Eppure di riforme della giustizia si sta finalmente discutendo, come dimostrano la riforma de processo penale e quella sul civile della ministra Cartabia. Siamo ancora in tempo per cambiare le cose?

Diciamo che molte delle soluzioni trovate sono state alimentate dagli obblighi che dobbiamo rispettare circa il Pnrr, per avere i fondi dell’Unione europea. Senza dubbio bisogna cercare di sveltire i processi, visto che in Italia ci sono circa cinque milioni di processi l’anno. La riforma Cartabia incide su questo, ma non è sufficiente. Assistiamo a un’iperpenalizzazione, ciò è a un uso indiscriminato del processo penale anche nei casi in cui basterebbero multe serie. Da avvocato dico che il processo civile ha decide e decine di riti differenti e questo non fa altro che alimentare un pasticcio enorme.
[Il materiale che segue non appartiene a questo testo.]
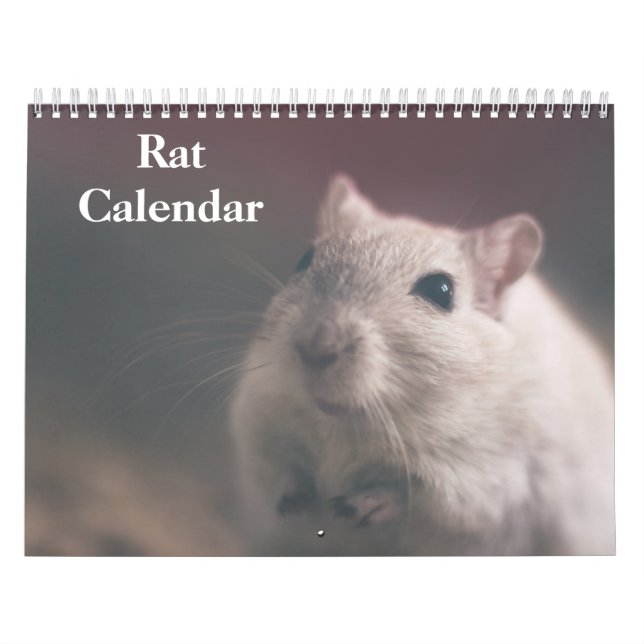 2027 Rat Calendar (Cover)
Insomma, parola d’ordine semplificare?

Servirebbe una semplificazione seria e profonda. Ma è un problema che di certo non scopriamo oggi. Basti pensare a Dante quando fa dire a Giustiniano «che, per voler del primo amor ch’i’ sento, d’entro le leggi trassi il troppo e ‘l vano».

Tornando all’immunità parlamentare, crede si debba recuperare questo istituto nella sua forma iniziale

L’immunità parlamentare è un istituto sacrosanto. Tanto che lo troviamo identico anche nello statuto Albertino. Chi svolge attività politica deve essere certo di non essere perseguito per voti o opinioni espressi nell’esercizio delle sue funzioni. Perché l’agone politico è qualcosa di molto diverso dalla calunnia o l’ingiuria. Negli anni tuttavia è successo che l’autorizzazione a procedere era diventata una sorta di privilegio, vissuto come qualcosa di odioso. Per questo si è eliminata l’autorizzazione a procedere e si è spostato il peso sull’immunità parlamentare. Ma, a trent’anni di distanza, si dice che era meglio il vecchio articolo 68, con l’immunità parlamentare generale e poi sotto l’autorizzazione a procedere.

È d’accordo con questa tesi?

La condivido, perché i costituenti avevano trovato un punto di equilibrio. I processi a Berlusconi, a Renzi e Bassolino, sono processi contro privati cittadini o causati dalla loro attività politica? È di questo che si dovrebbe parlare. Il tema, insomma, è complicato e profondo nel suo insieme.